Make tar archives reproducible by setting Pax headers
ClosedPublic

Authored by aaronpuchert on Nov 23 2019, 6:04 PM.

Details

Summary

When POSIXLY_CORRECT is set, GNU tar will add ctime, atime and the PID
of the tar process that created the archive, as pointed out in [1].
To circumvent this, we set the Pax headers manually as recommended, but
we only do this when SOURCE_DATE_EPOCH is set, i.e. reproducible builds
are desired.

[1] https://salsa.debian.org/reproducible-builds/reproducible-website/merge_requests/50/diffs

Test Plan

Repeated builds produce the same files now. Changing the input files'
timestamps seems without effect.

Diff Detail

Repository
R32 KDevelop
Lint
Automatic diff as part of commit; lint not applicable.
Unit
Automatic diff as part of commit; unit tests not applicable.
aaronpuchert created this revision.Nov 23 2019, 6:04 PM
Restricted Application added a project: KDevelop. · View Herald TranscriptNov 23 2019, 6:04 PM
aaronpuchert requested review of this revision.Nov 23 2019, 6:04 PM
kossebau accepted this revision.Jan 12 2020, 11:28 AM
kossebau added a subscriber: kossebau.

No insight myself, but would trust you you know what you are doing here :) and it also matches what I just read on https://reproducible-builds.org/docs/archives/

This revision is now accepted and ready to land.Jan 12 2020, 11:28 AM
This revision was automatically updated to reflect the committed changes.

No insight myself, but would trust you you know what you are doing here :) and it also matches what I just read on https://reproducible-builds.org/docs/archives/

Thanks! I have to admit, I'm not a huge expert either. I noticed that we're still not reproducible on openSUSE and wrote to @bmwiedemann. He then added the remarks about Pax headers to that page.

This should work fine with a producer GNU-tar >= 1.28 , but what will be the consumer of the tar file?
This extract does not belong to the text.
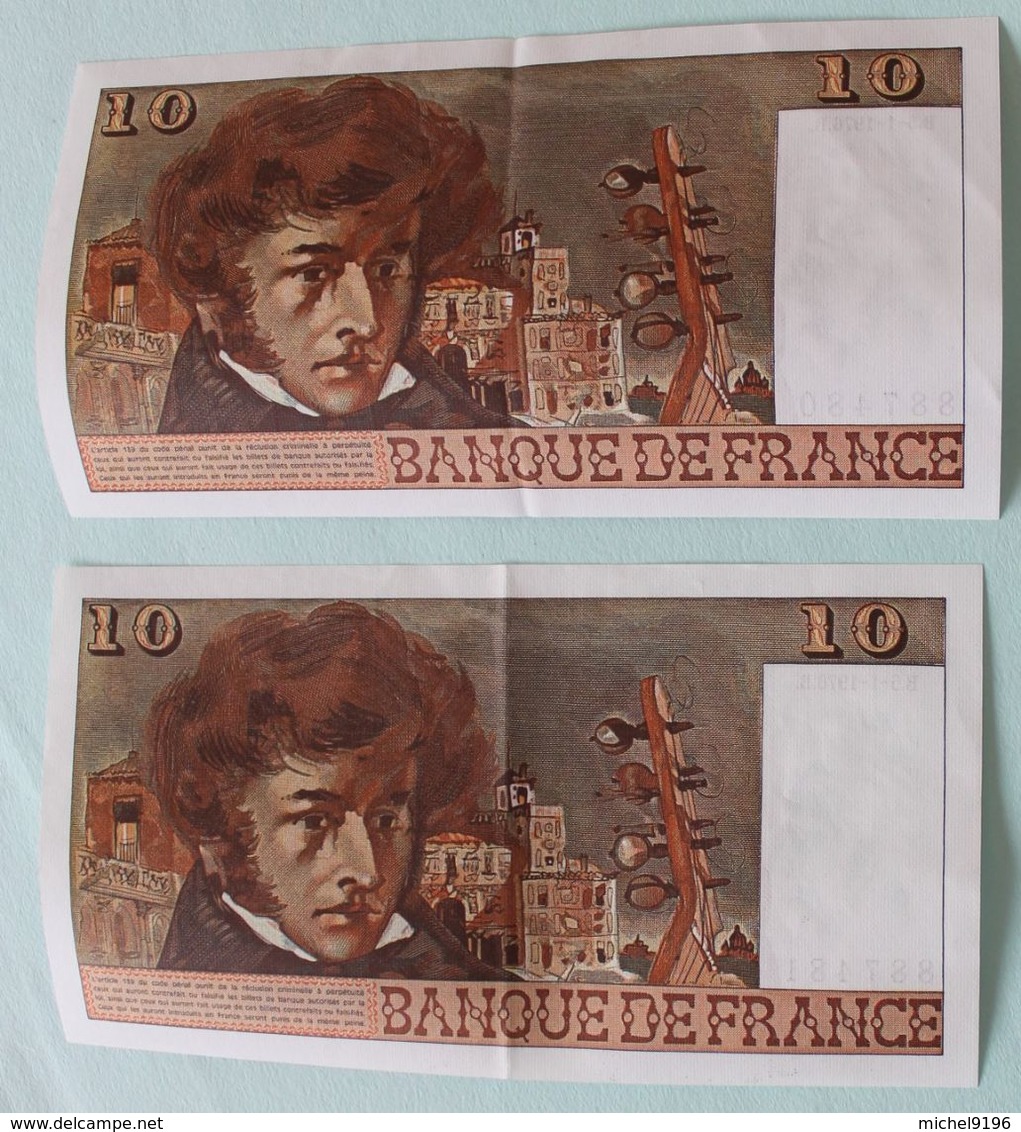 2 Billets De 10 Francs Berlioz 5.1.1976 Numéros Qui Se Suivent - 10 F 1972-1978 ''Berlioz''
Asking because I remember the case of alpine Linux and its 'abuild' producer. Alpine package manager implemented its own tar and that would only be happy with

--pax-option=exthdr.name=%d/PaxHeaders/%f,atime:=0,ctime:=0

The other thing is about POSIXLY_CORRECT - it is only considered in recent tar git (no releases last time I checked) and only for embedding the PID of the tar process. So I would just not mention it in the commit message to make it easier to understand:

GNU tar will add ctime, atime and the PID
of the tar process that created the archive

...

This should work fine with a producer GNU-tar >= 1.28

We use the option only when SOURCE_DATE_EPOCH is set, and we assume that a recent enough tar is available then. Basically we say that if reproducible builds are desired, the proper tools should be available.
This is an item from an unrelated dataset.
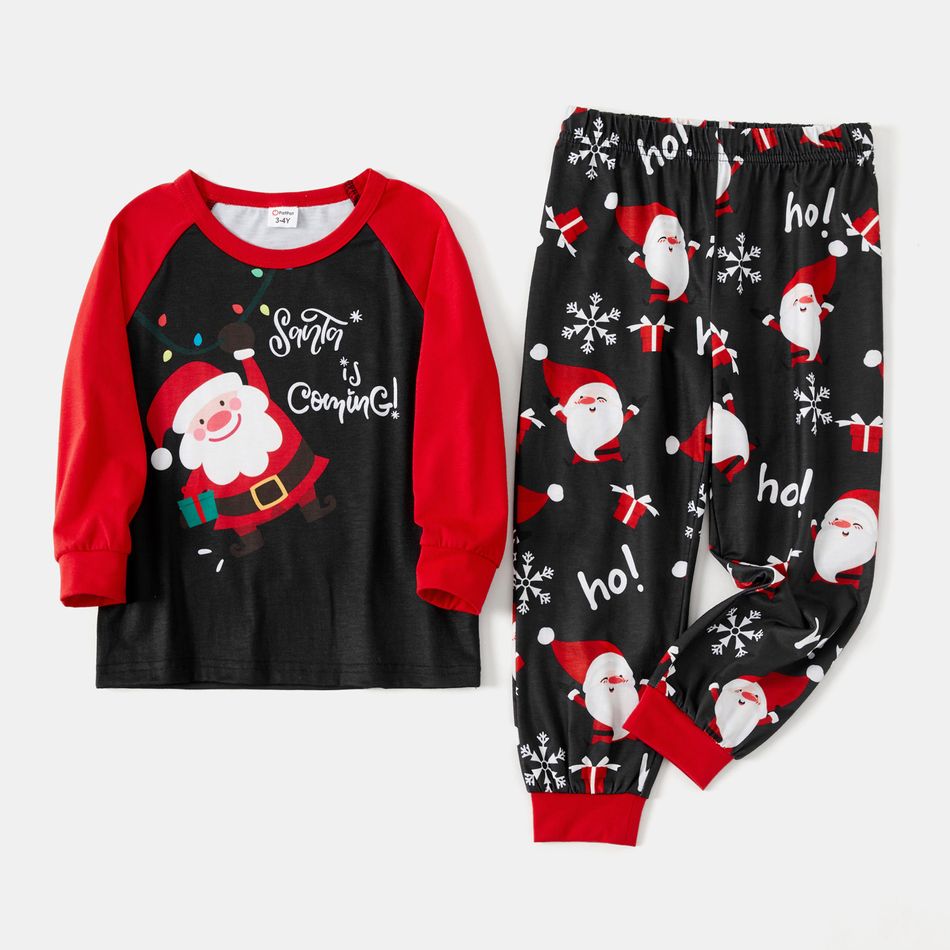 Natal Look de família Manga comprida Conjuntos de roupa para a família Pijamas (Flame Resistant) Bloco de Cor big image 4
what will be the consumer of the tar file?

Not sure I understand this question. The archive is created as part of the build process and then installed, on most Linux distributions into /usr/share/kdevappwizard/templates.
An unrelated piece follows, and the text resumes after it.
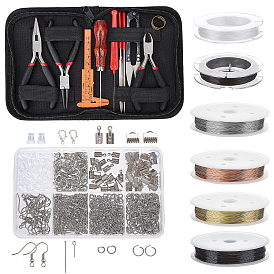PandaHall Elite 826Pieces DIY Jewelry Kits, Including Elastic Crystal, Copper Wire, Stainless Steel Jump Rings & Pins & Cord Ends & Earring Hooks, Alloy Lobster Claw Clasps, Jewelry Tool Sets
Asking because I remember the case of alpine Linux and its 'abuild' producer. Alpine package manager implemented its own tar and that would only be happy with

--pax-option=exthdr.name=%d/PaxHeaders/%f,atime:=0,ctime:=0

Does this mean it won't be happy with delete=atime,delete=ctime? And what does it mean that the package manager has its own tar, is this is a different tar than is used in the distribution itself?

The other thing is about POSIXLY_CORRECT - it is only considered in recent tar git (no releases last time I checked) and only for embedding the PID of the tar process. So I would just not mention it in the commit message to make it easier to understand:

The change is already committed, so I can't change the message anymore. I didn't know you were here, otherwise I would have added you earlier as reviewer.